In IMAT, the treatment is delivered along arcs with a single sweep or multiple sweeps, each with a start and stop position, and the patient remains stationary during the delivery process. The MLC field shape changes continuously during gantry rotation between a collection of specified apertures. Typically, apertures are specified at a set of equally-spaced angles that may be referred to as an “angle grid.” An estimate of the radiation delivered to the patient can then be made by summing the radiation delivered from the angle grid. Note that multiple overlapping arcs provide multiple apertures at each angle and, thereby, yield a modulated intensity distribution from each delivery angle. Thus, an approach to IMAT treatment planning that reflects procedures typically used in IMRT treatment planning is to compute a collection of idealized real-valued fluence matrices over the angle grid, and then approximate these matrices by weighted sums of binary matrices corresponding to the collection of apertures at each angle. These weights and apertures are typically chosen to minimize the approximation error subject to delivery constraints.

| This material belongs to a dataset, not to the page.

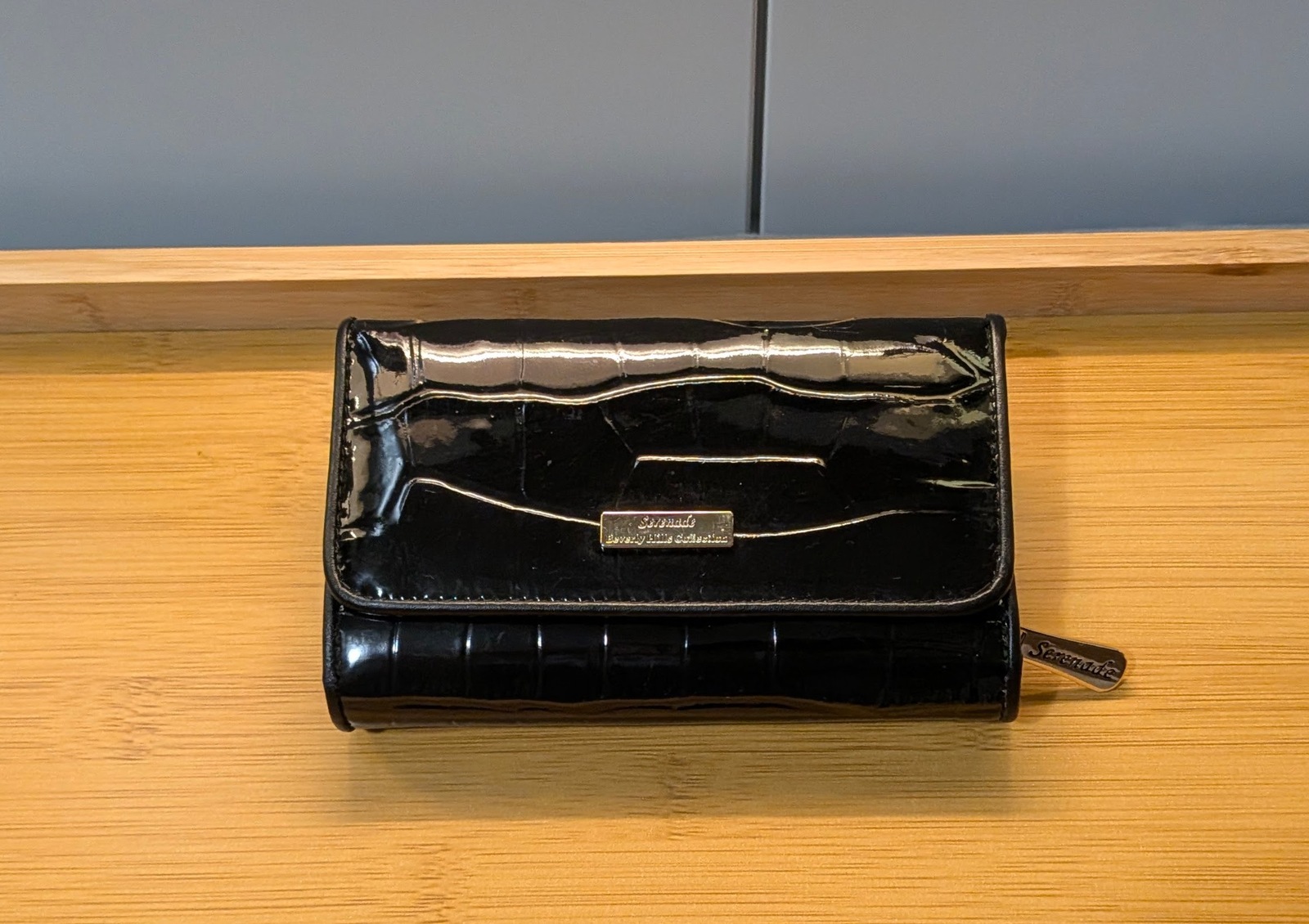 Beverly Hills Collection Black Patent Croc-Embossed Wallet/Purse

A key advantage of IMAT is that the delivery is achieved using a conventional linear accelerator and a conventional MLC. Therefore, IMAT treatments can be delivered using existing equipment in most radiation oncology departments. However, it should be noted that to deliver IMAT plans, the linear accelerator must be equipped with the capability for dynamic delivery. Elekta volumetric arc therapy (“VMAT”) and Varian Medical Systems rapid arc VMAT are two commercially available IMAT systems that, generally, use only a single sweep through one arc for treatment delivery. In some instances, additional sweeps may be used to treat cases involving complex geometries.
Traditionally, IMRT treatment plans are generated with either a two-step process, or a direct aperture optimization (“DAO”) process. In two-step processes, the matrices of beamlet (also called pencil beam) intensities for the set of specified beam directions are optimized. The resulting optimized intensity matrices or maps are then sent to a leaf-sequencer that determines, via the solution of segmentation problems, the set of deliverable MLC shapes and intensities that are combined to approximate each optimized intensity map. It is in this step where any delivery constraints of the treatment unit are enforced. The output of the two-step procedure is a set of MLC aperture shapes and their corresponding weights (known clinically as monitor units) that are referred to as a “segmentation.” In contrast, DAO methods do not utilize optimized intensity maps, but instead generate sets of apertures that are appropriate for each angle and then seek to weight, and sometimes modify, these apertures in order to obtain a desirable dose distribution.